| WHAT YOU HAVE TO DO |
Please set down exactly the lines from the one that contains "Supplément multivitaminé sans" through the end of the material, leaving out every picture.

| EXERCISE DATA |
== Segment start ==
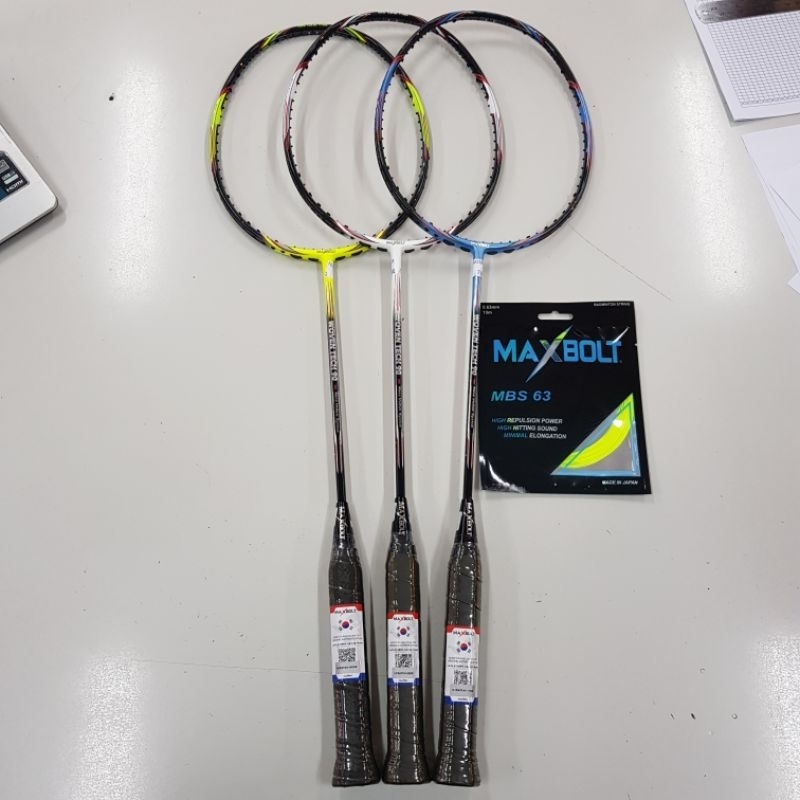 Raket Racket Reket Badminton Bulutangkis Maxbolt Woventech Woven tech 90 Original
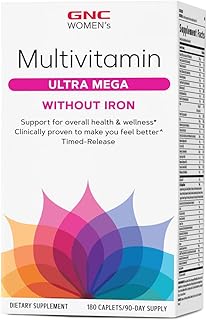 Supplément multivitaminé sans fer gnc pour femmes | supplément quotidien de vitamines | soutient le système immunitaire, le cerveau, les cheveux, la peau et les ongles | mélange antioxydant | 180 capsules. DIAYTAR COTE D'IVOIRE est une boutique en ligne qui propose des produits de qualité à des prix compétitifs. La boutique est équipée d'un système de gestion de stock pour assurer la disponibilité des produits et propose des promotions et des réductions régulières pour fidéliser ses clients. La boutique en ligne est accessible 24h/24 et 7j/7 pour permettre aux clients de faire des achats à tout moment.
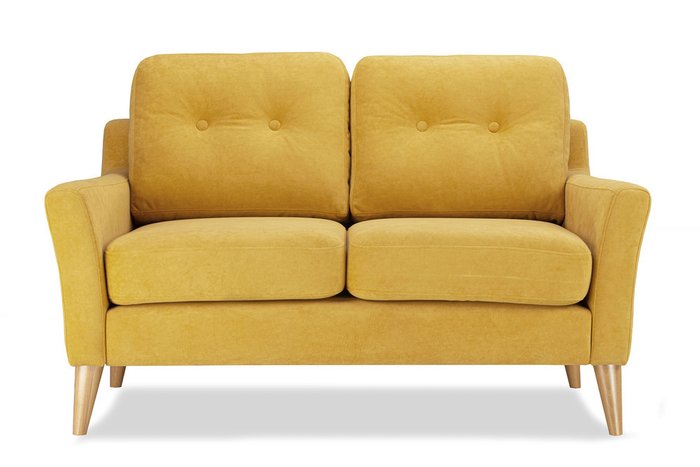 Прямой диван Руфус Премиум желтого цвета - купить Прямые диваны по цене 40699.0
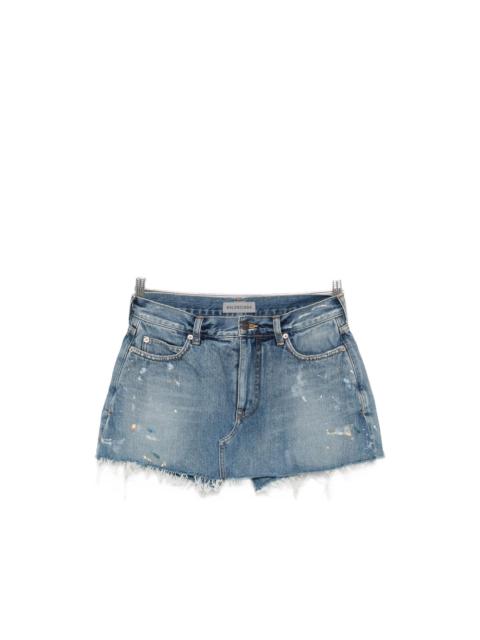 BALENCIAGA Balenciaga Blue Shorts - Mini Shorts Women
== Segment end ==
| ANSWER TO THE EXERCISE |
 Supplément multivitaminé sans fer gnc pour femmes | supplément quotidien de vitamines | soutient le système immunitaire, le cerveau, les cheveux, la peau et les ongles | mélange antioxydant | 180 capsules. DIAYTAR COTE D'IVOIRE est une boutique en ligne qui propose des produits de qualité à des prix compétitifs. La boutique est équipée d'un système de gestion de stock pour assurer la disponibilité des produits et propose des promotions et des réductions régulières pour fidéliser ses clients. La boutique en ligne est accessible 24h/24 et 7j/7 pour permettre aux clients de faire des achats à tout moment.
 Прямой диван Руфус Премиум желтого цвета - купить Прямые диваны по цене 40699.0
 BALENCIAGA Balenciaga Blue Shorts - Mini Shorts Women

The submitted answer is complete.